I try to make a RESTful face recognition system.
Current inferencing backend supports ONNX and TensorRT models.
The first attempt is to saving face embedding vectors into a MongoDB collection and query the nearest neighbor of a detected face from the collection. I tried to write an aggregate query but the query reponse takes really long time even I have only 100+ documents in the collection.
I cannot find an off-shelf solution for high dimension vector similarity querying in a database system. Postgresql CUBE method only supports an up to 100 dimension vector. There are ways to work around this limit and use a 128-d vector. But Postgres still won't work on 512-d vectors. Most recent face recognition models like arcface or cosface embeds a face picture into a 512-d vec which is far beyond the capability of Postgres.

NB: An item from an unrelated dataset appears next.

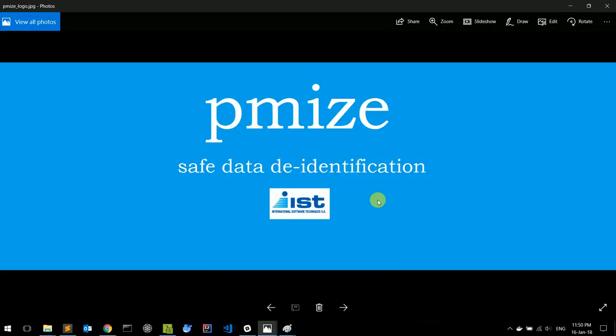Hello, we're going to be looking at a demonstration of the PMISE tool. PMISE is used for data de-identification and it was developed by ISTSA.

Optimizing a database engine to fit this certain task is beyond my reach now. Then I look into in-memory elastic search methods. There are few established tools available. Annoy from Spotify, FAISS from FaceBook and Nmslib from a bunch of Ph.D. students (later adopted by AWS to their elastic-search service). I pick nmslib in this repo because it can be easily installed with "pip install" cmd.
REST API is served by FastAPI, to start the server, simply run
uvicorn app.main:app --port 8080 --host 127.0.0.1
You can download IP-Webcam app on your smart phone and start a streaming server. Once IP-Webcam starts running, run test_video.py script and check face recognition results on your screen. You can see a real time sample result in out2.avi file. I run my test on a Jetson Xavier (operation system is jetpack4.6) made by Nvidia.
If you like to add some new faces, you can build a new pkl file from people names and face embedding vectors generated by arcface model.
However, it looks like that neither FAISS nor nmslib supports on-flying CRUD ops. If someone knows how to do a 512-d vector nearest neighbor search in a database or what AWS does in their face recognition service , please let me know.